WHAT YOU WILL DO >> Below is a block of records: output all of them exactly and leave out the pictures.

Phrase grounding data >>
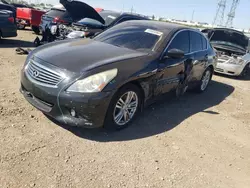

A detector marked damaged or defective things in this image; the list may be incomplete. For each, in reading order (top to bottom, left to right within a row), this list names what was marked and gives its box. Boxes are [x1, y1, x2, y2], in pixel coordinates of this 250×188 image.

wrecked vehicle [36, 0, 104, 45]
damaged front bumper [20, 65, 114, 128]
cracked headlight [66, 68, 117, 93]
wrecked vehicle [20, 20, 216, 129]
wrecked vehicle [202, 27, 249, 77]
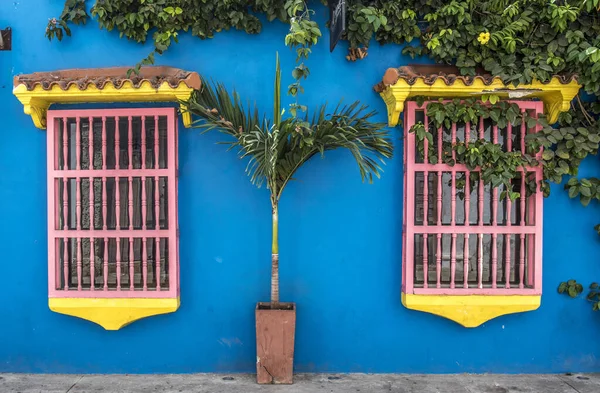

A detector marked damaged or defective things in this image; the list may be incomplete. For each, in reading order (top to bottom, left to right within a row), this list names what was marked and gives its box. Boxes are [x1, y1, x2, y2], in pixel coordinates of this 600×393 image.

SOLUTION TO THIS EXERCISE >>
A detector marked damaged or defective things in this image; the list may be incomplete. For each, in reading order (top to bottom, left to right within a row), this list names what was marked and gives its box. Boxes are [x1, y1, x2, y2], in pixel coordinates of this 250×188 image.

wrecked vehicle [36, 0, 104, 45]
damaged front bumper [20, 65, 114, 128]
cracked headlight [66, 68, 117, 93]
wrecked vehicle [20, 20, 216, 129]
wrecked vehicle [202, 27, 249, 77]

A detector marked damaged or defective things in this image; the list may be incomplete. For each, in reading order (top to bottom, left to right within a row), this list names what was marked and gives its box. Boxes are [x1, y1, x2, y2], in pixel coordinates of this 600×393 image.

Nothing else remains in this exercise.